Der Wrigley Prophylaxe Preis zählt zu den renommiertesten Auszeichnungen in der Zahnmedizin und ist in Fachkreisen längst eine Institution. Stifterin ist die wissenschaftliche Initiative „Wrigley Oral Healthcare Program“. Seit seiner Gründung vor 26 Jahren steht der Preis unter der Schirmherrschaft der Deutschen Gesellschaft für Zahnerhaltung (DGZ). Eine unabhängige Jury würdigt wissenschaftliches Engagement sowie gesellschaftliche Projekte, die zur Verbesserung der Mundgesundheit bei besonders gefährdeten Bevölkerungsgruppen beitragen.

Der Preis wird traditionell auf der Jahrestagung der DGZ verliehen, die dieses Jahr in Dresden stattfinden sollte. Der Kongress musste aufgrund der Pandemie abgesagt werden, weshalb die Verleihung virtuell stattfand, zu Beginn der ersatzweise eingerichteten Online-Vortragsreihe.

Gesund essen, gesunde Zähne: Milch, Joghurt und Gemüse verdrängen kariogene Bakterien im oralen Biofilm
Der mit 7000 Euro dotierte erste Preis ging an Prof. Ali Al-Ahmad und ein Team aus Wissenschaftlern der Universitäten Freiburg und Zürich sowie des Helmholtz-Zentrums München: Dr. Annette Anderson, Prof. Dr. Markus Jörg Altenburger, PD Dr. Johan Peter Woelber, Prof. Dr. Elmar Hellwig, PD Dr. Lamprini Karygianni und Dr. Michael Rothballer. Die Wissenschaftler untersuchten in einer aufwändigen klinischen Studie, wie bestimmte Nahrungsbestandteile das Wachstum von Bakterien im supragingivalen Biofilm, also auf der Zahnhartsubstanz am Zahnfleischrand, und damit auch das Kariesrisiko beeinflussen.

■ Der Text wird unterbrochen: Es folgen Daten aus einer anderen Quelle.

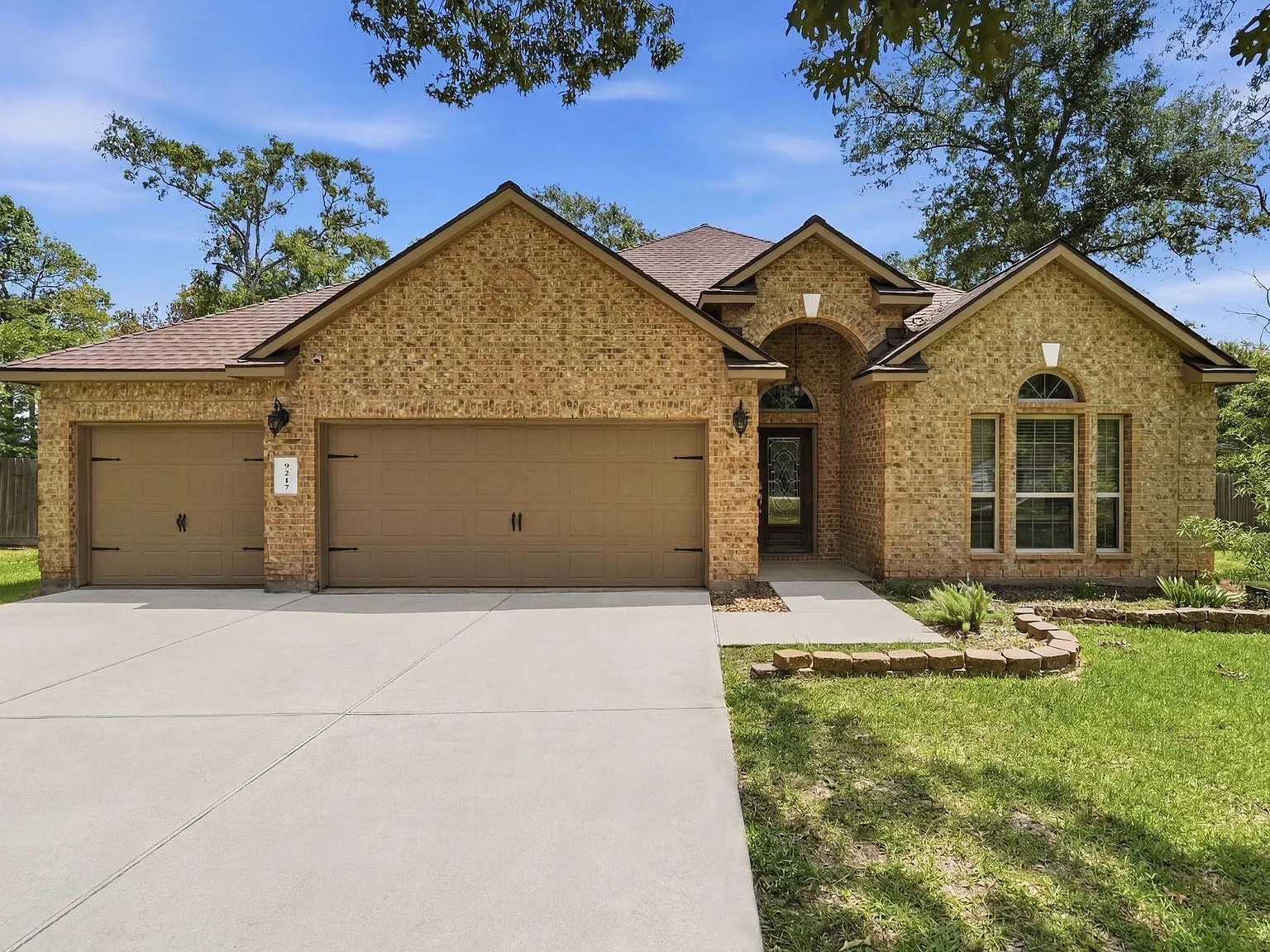 4 bed, 2.0 bath, 1778 sqft, $2,600 — Photo 3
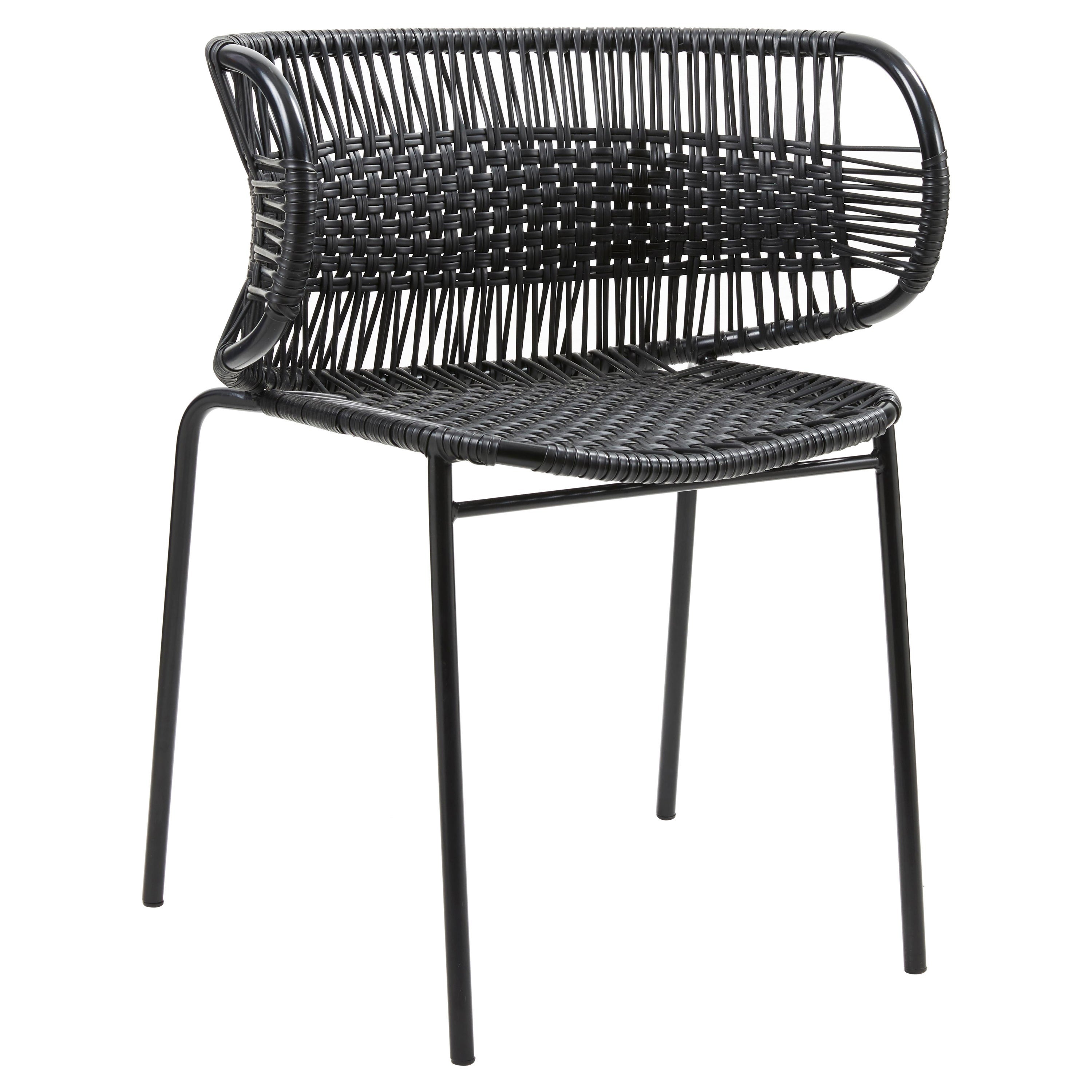 Silla apilable Cielo negra con reposabrazos by Sebastian Herkner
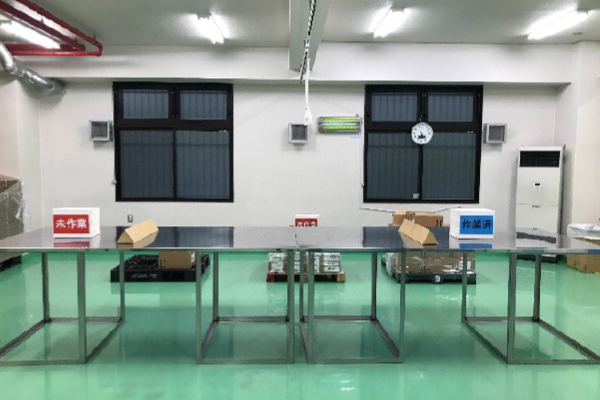 作業テーブルとLED照明器具の画像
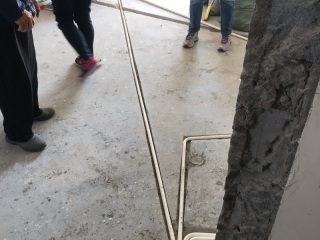 水、电管开槽施作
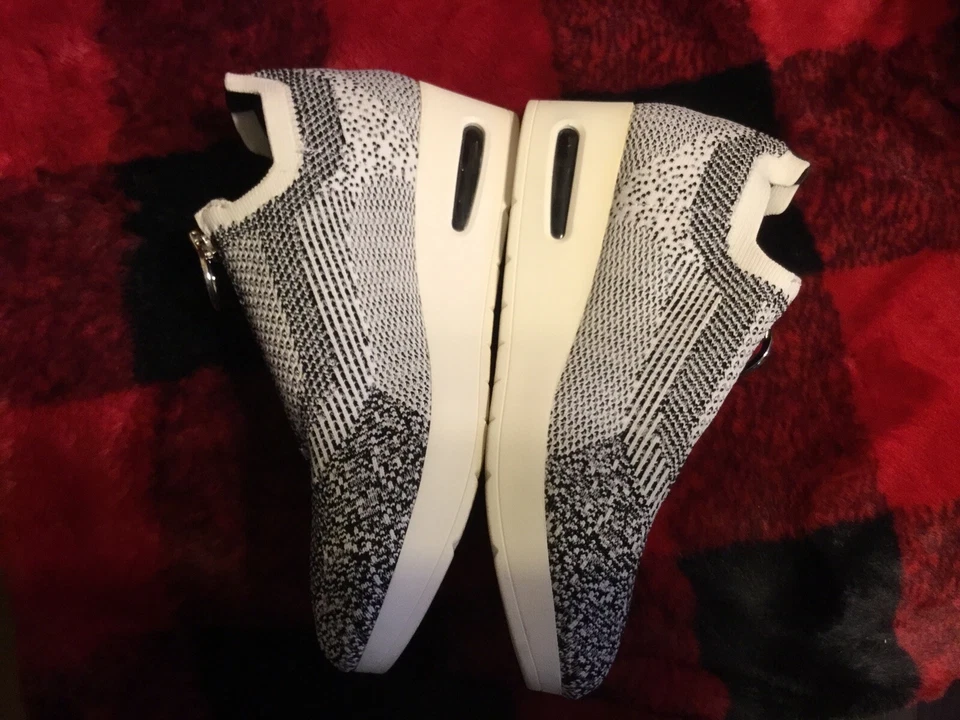 DKNY Zipper Sneakers Women's Shoes US 6.5 - Изображение 4 из 4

Zwar ist lange bekannt, dass die Entstehung von Karies mit der Vermehrung säurebildender und -liebender Bakterien im Biofilm einhergeht und diese wiederum sich vor allem in Anwesenheit von Zucker und anderen leicht abbaubaren Kohlenhydraten kräftig vermehren. Als wichtigste kariogene Vertreter galten lange Zeit Streptococcus mutans und Lactobazillen. Forschungen der letzten Jahre zeigen aber, dass auch andere Bakterienspezies in die Kariesentwicklung involviert sind, etwa Non-mutans-Streptokokken oder Veillonellen.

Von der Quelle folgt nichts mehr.